A Family is a Gift That Lasts Forever...

A Family is a Gift That Lasts Forever...

Friday, August 31, 2012

Our Summer Garden

 We planted a garden this year, a very large garden.  It was our first experience with gardening, so we anticipated that it would be a learning experience more than anything.  And yes, we were right.  We learned a lot!  First of all, we knew we’d have deer since we live right near the woods and see deer all the time.  So our first project was putting up a 4 foot fence of chicken wire.  I did this all by myself, thank you very much!  Nate took care of the tilling with his new power push tiller.  Then, the kids and I got to work planting seeds!  We planted sweet corn, lettuce, spinach, green onions, cantalopes, watermelon, pumpkins, potatoes, carrots, tomatoes, and strawberries.   After we planted, we had a very long and hot heatwave with no rain.  The heat scorched some of our seedlings and unfortunately our spinach, and root plants like potatoes and carrots, never came up.  I think our dirt is still clay-like as well which may have played into the problem with the root plants.  So we started a compost and will work that into our dirt for next summer so our dirt is finer and more workable. 

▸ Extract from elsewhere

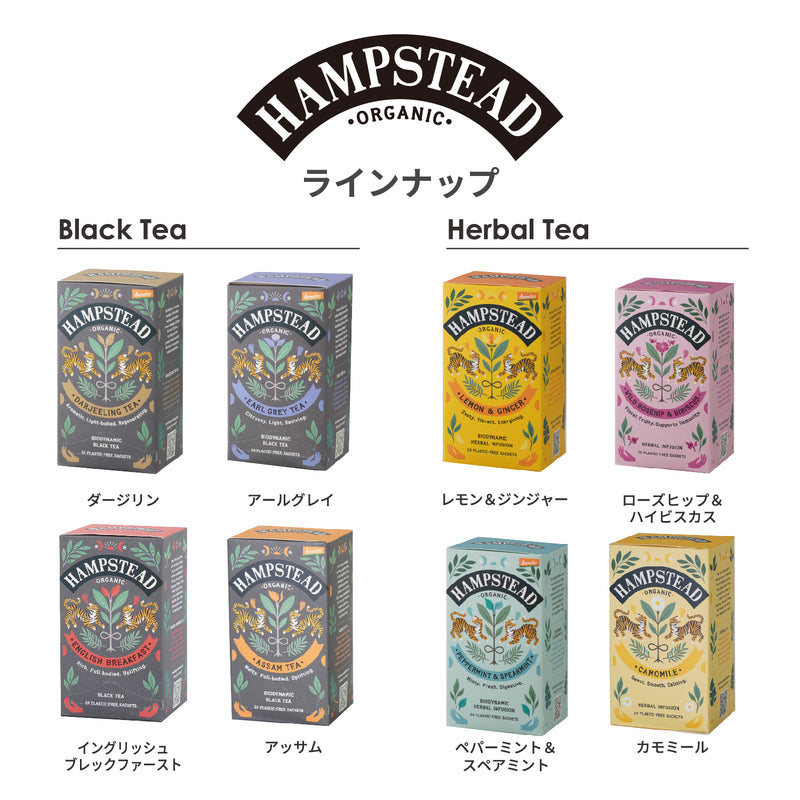 ハムステッドティー ダージリン ティーバッグ 20袋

 The corn came up thriving, which was so exciting for the kids to see.  Every day we’d go out and it would be taller…eventually taller than them and they just couldn’t believe it.  And our green beans too were thriving.  BUT, we had thieves.  We found hoof prints in our dirt, our corn had been broken and trampled on, and the tops of our green been plants had obviously been chomped off.  We couldn’t deny that deer had actually been walking around inside our fence!  So they could hop over 4 feet!?  Wow, we didn’t see that one coming!  Nate’s solution?  An alarm system.  He placed a motion detector on a tall pole in the middle of the garden facing the “tempting plants.” 

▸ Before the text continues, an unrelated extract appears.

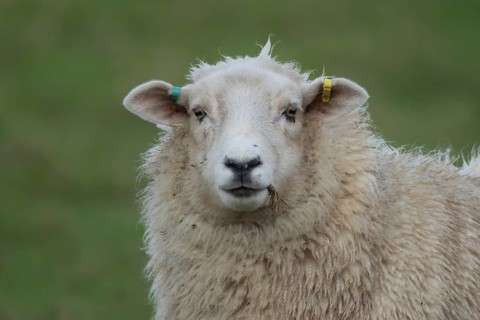 Domestic sheep (Ovis aries) adult ewe farm animal standing in a grass field, England, United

 It would catch 180 degrees of any movement for quite a distance.  It started to go off almost every morning around 4 or 5 am when the deer were out.  Sure enough, deer were in our garden.  The first couple times Nate ran out there with a shovel or tool and chased them away in the dark in his jammies.  It was quite a funny sight.  Pretty soon, they slowed down coming and the sound of the siren often scared them away too.  Problem solved!!!  The corn was demolished, but the green beans grew back, thankfully. 

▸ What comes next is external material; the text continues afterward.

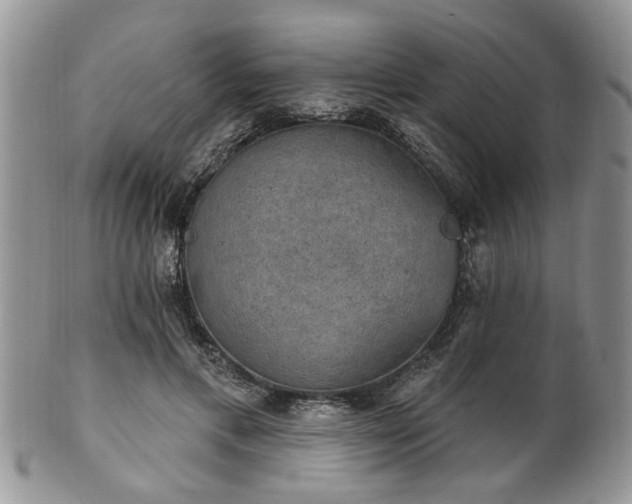 X0000101970597200807251213
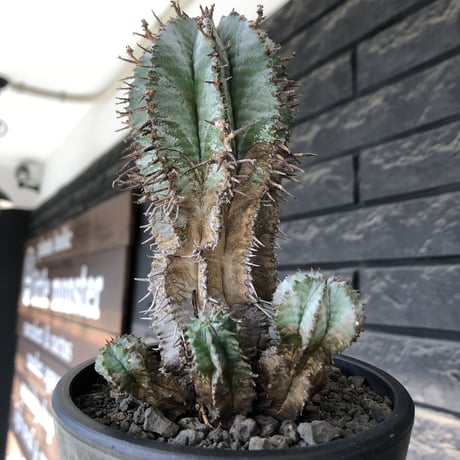 euphorbia horrida《大きめM size》子吹き群生株※現地球発根後店主国内管理6年株※ワイルドな木質化と荒々しく刺々しい男前な出立ち※mad black pot植え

Our tomato plants have been producing more than enough tomatoes.  I have been skinning them, seeding them, and dicing them and freezing them.  I use lots of diced tomatoes in recipes, and since I don’t have a canner, freezing them in the same amount as a can works well.  We also have been snapping green beans and freezing them.  We got one yummy salad out of our lettuce, but our lettuce didn’t thrive through the heat.  Our strawberries are more delicious and flavorful than any strawberries I have ever tasted.  They make the store bought kind taste like paper, flavorless.  



Our next problem came to the pumpkins.  We were introduced to squash bugs.  They are evil things!  They slowly start munching on the leaves of pumpkin vines and lay eggs on the green leaves.  After a while we started to notice that the pumpkin vine leaves were turning brown and wilting.  Turning them over we realize there are hundereds of these tiny squash bugs all over the leaves and vines, destroying them.  Every day more and more of the vine leaves were wilting.  One day we tried to catch as many squash bugs as we could with gloves, scooping them into a big bucket.  Cooper went around squishing and destroying all the little red eggs he could find.  And Jaxton caught a few squash bugs but was too grossed out to keep catching them.  It was an impossible feat to conquer them at this point.  Slowly, all of our pumpkin vines died off.  We saved 1 beautiful pumpkin that would have grown quite large if allowed to do so, but we cut it off the vine before it could die.  It is a good 10 inches tall and maybe 7 inches diameter.  Perfect to carve.  We picked it green and it slowly ripened on our counter and the boys have been asking to carve it!  That will be fun!  Next year we will spray our pumpkin vines with some kind of pest control since we won’t be eating the pumpkins, just carving them.  After the pumpkins were gone, the squash bugs moved on to their second favorite, the cantelopes.  And thirdly, the watermelons.  We may have a few cantelopes and watermelons survive, since there were tons of them out there, but unfortunately, those bugs are taking over our vine plants.  Now we know for next year.  


 We were going out to pull weeds in our garden every afternoon, however, with the heat it was nearly impossible to get the boys to work through their sweat and too tiresome for me.  So we decided to change things up a bit and work before breakfast, just like they did in the old fashioned days.  I told the boys that long ago, kids had to get up super early and go milk cows and take care of the animals.  Well, we would do the same, we’d get up and pull weeds before breakfast.  So that is what we did for the majority of the summertime and in fact, the boys loved it.  They would stay outside longer than needed, play in the dirt, destroy weeds, and examine bugs and plants of all kinds.  It definitely was refreshing to be outside and working hard early in the morning air.  It got the kids working and being involved in the garden and was a great learning experience for them to see things grow from seeds!